◆ Exercise prompt
Lines outside the range are not wanted. Give again exactly the lines between the line holding "黃石成考學(xué)位英語考試要如何考過？" and the line holding "Junior Always Be", inclusive, from the listing below.
*** Opening Provided entries ***
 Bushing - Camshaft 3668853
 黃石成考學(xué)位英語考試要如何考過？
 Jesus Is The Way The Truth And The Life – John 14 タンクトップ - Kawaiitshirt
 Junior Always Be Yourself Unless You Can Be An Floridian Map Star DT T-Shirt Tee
*** Closing Provided entries ***
*** Opening Provided entries ***
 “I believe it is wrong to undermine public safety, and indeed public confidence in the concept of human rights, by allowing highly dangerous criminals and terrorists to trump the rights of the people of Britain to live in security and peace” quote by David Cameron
*** Closing Provided entries ***
◆ Exercise output
 黃石成考學(xué)位英語考試要如何考過？
 Jesus Is The Way The Truth And The Life – John 14 タンクトップ - Kawaiitshirt
 Junior Always Be Yourself Unless You Can Be An Floridian Map Star DT T-Shirt Tee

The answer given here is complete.